美味しそうにクルヴシュラト様が見つめていた5つのソースの皿だ。
「聖王子様のソースにだけ、毒が混ぜられていますから」
【森羅万象】は今も確かに、そのソースは「人体に極めて有害」という情報を送ってきている。
その言葉を聞いた聖王は——顔から表情が抜け落ちた。
(……ん? 毒皿も「余興」の一種だと思ってたけど、それはおかしいな。毒殺を防ぐのは余興にもなんにもならない。クルヴシュラト様が死んだふりをして反応を見るとかは余興としてあり得るけど、それでも毒をわざわざ入れる必要はないだろうし)
そんなことを考えていたら、
「おい、護衛」
「はっ」
「ここに毒があるってのはマジなのか?」
「はい。確実かと」
そのとき僕は否応なく気づかされた。
聖王の顔が憤怒に染まっている——つまりその「毒」は「予想外」。
誰かが本気で、聖王子様を殺そうとしていたのだと。
護衛の朝は早い。
たとえ前日に聖王子殺害未遂が起きて夜遅くまで取り調べに付き合わされ、その後に雇い主の伯爵に事情を説明しなければならずようやく眠れたのが深夜だったとしても護衛の朝は早い。
屋敷の使用人は寮のようなものが用意されているのだけれど、護衛の僕は個室を与えられている。ベッドから出て行くとたらいに【生活魔法】で水を出して顔を洗う。少々ひんやりするくらいの水で気持ちがいい。
まともな鏡なんてないので、鉄製の板をピカピカにした鏡で髪の生え際をチェック。毛髪量の確認じゃないよ? しばらくは染髪剤を使わなくて大丈夫そうだ。寝癖もない。あとはサササッと着替えれば準備完了。
「おはようございます」
「おはようございます」
すでに何人ものメイドや執事が活動を始めている。まだ日の出の時間だというのに玄関ホールはバタバタしている気配があった。
「あとはよろしくお願いします」
「いってらっしゃいませ」
大勢の使用人が頭を下げて、伯爵と執事長が出て行くのを見送る。……伯爵、僕の報告を聞いてから寝て、今出かけるってことはほとんど寝てないんじゃないかな。あるいは一睡もしていないとか?
——明日は大変なことになりますよ……。
「新芽と新月の晩餐会」の報告は、「余興」については軽く触れ、その後の「毒殺未遂」について多くの時間を使った。伯爵は僕が見聞きした情報をすべてメモにとっていた。というのも今日、伯爵は聖王に呼び出され「人間ウソ発見器」なので犯人のあぶり出しを命じられるのはほぼ確実だという。
(ご愁傷様。がんばってください)
心の中で同情し、馬車に乗って屋敷の敷地を出て行く伯爵を僕は窓越しに眺めていた。東の空は薄曇りで、今日は晴れ間も少なそうだった。

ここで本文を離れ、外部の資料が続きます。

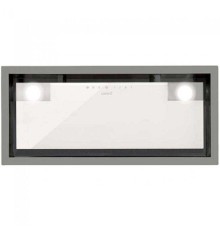 Вытяжка Cata GC DUAL A 75 XGWH /D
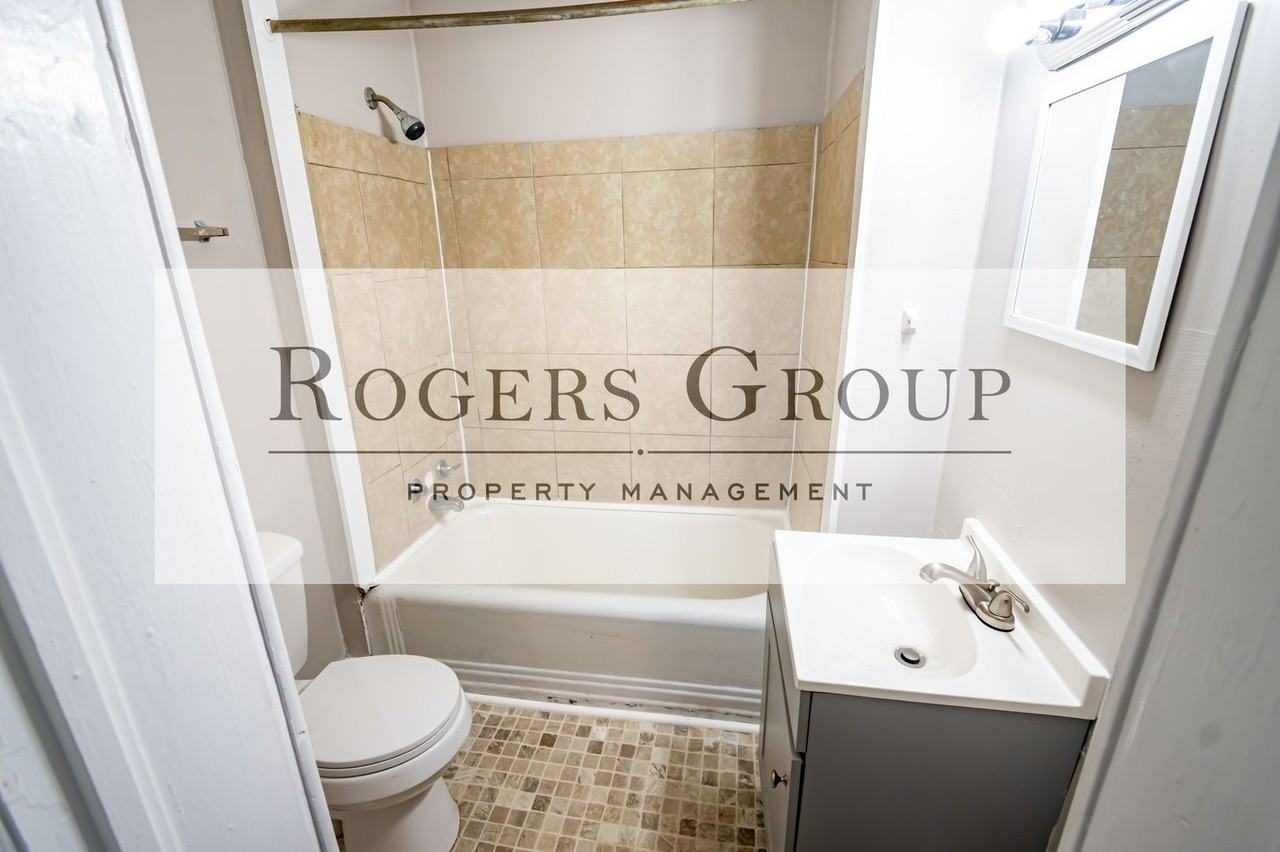 726 E Andrews Ave - Photo 4 of 11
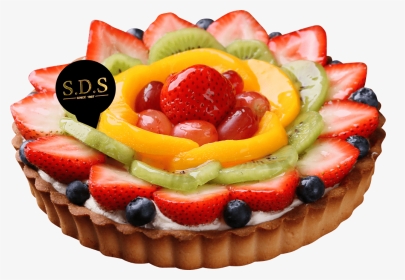 Fruit Cake, HD Png Download, Transparent PNG
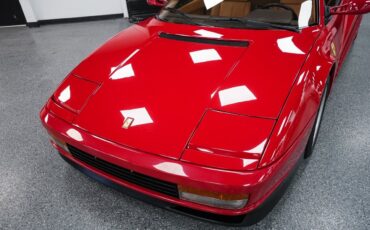 Ferrari-Testarossa-1989-Coupe-3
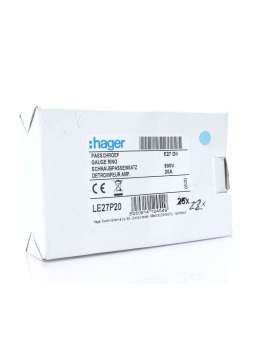 le27p20-hager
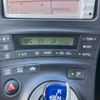 toyota prius 2010 CFJ1673976 image 26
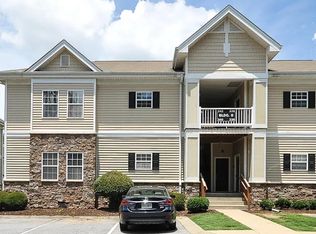 340 Easterlin Way #101B, Greenville, SC 29607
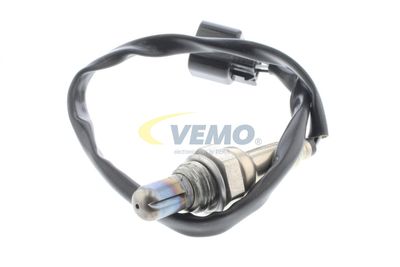 SONDA LAMBDA VEMO V52760004 22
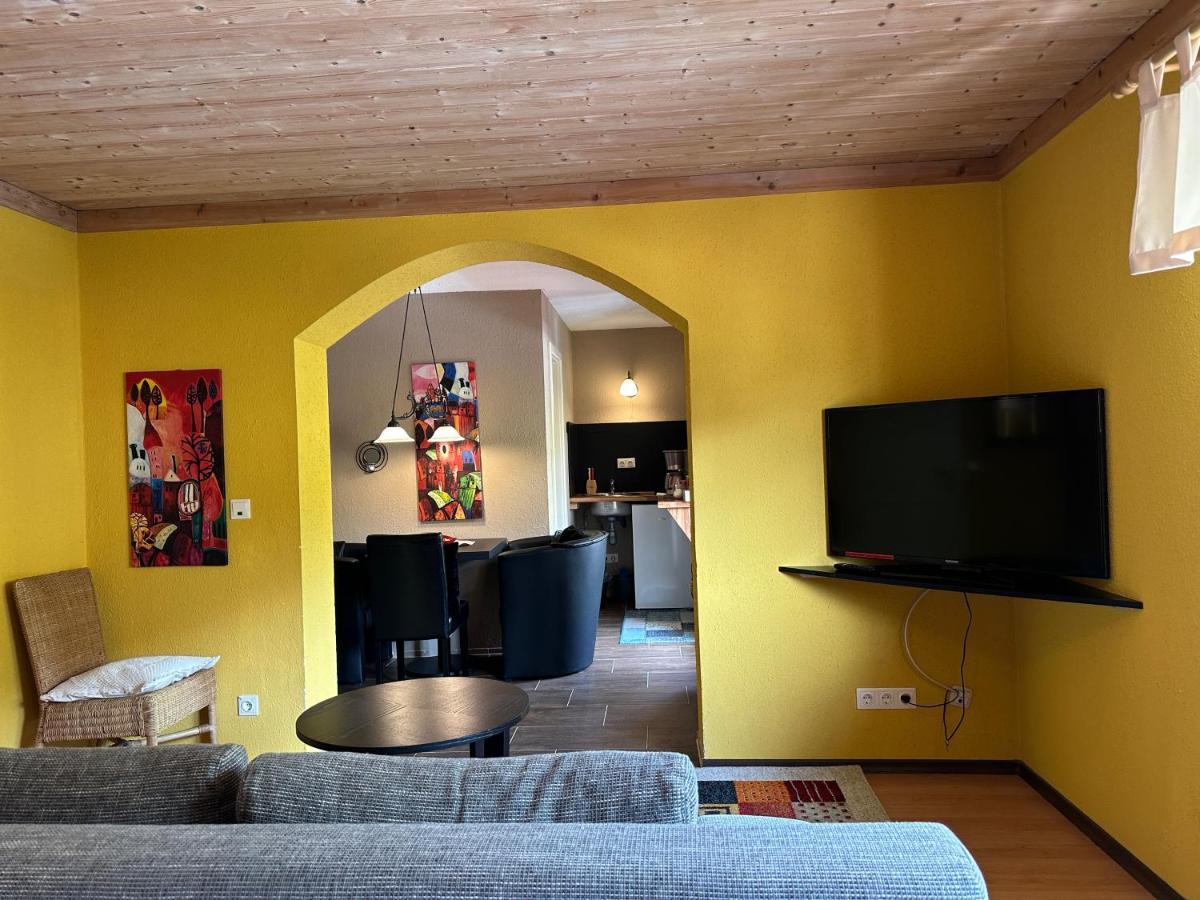 Maier Gasthof 4*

僕は僕でお嬢様の今日のスケジュールを確認したり、食事を取ったりとしているとお嬢様が起床したという報せが入る。
「おはようございます、お嬢様」
「おはよう、レイジ」
朝食のテーブルでお嬢様と今日の予定について確認する。お嬢様はひとりで食事をし、僕はテーブルを挟んで向かいに立っている。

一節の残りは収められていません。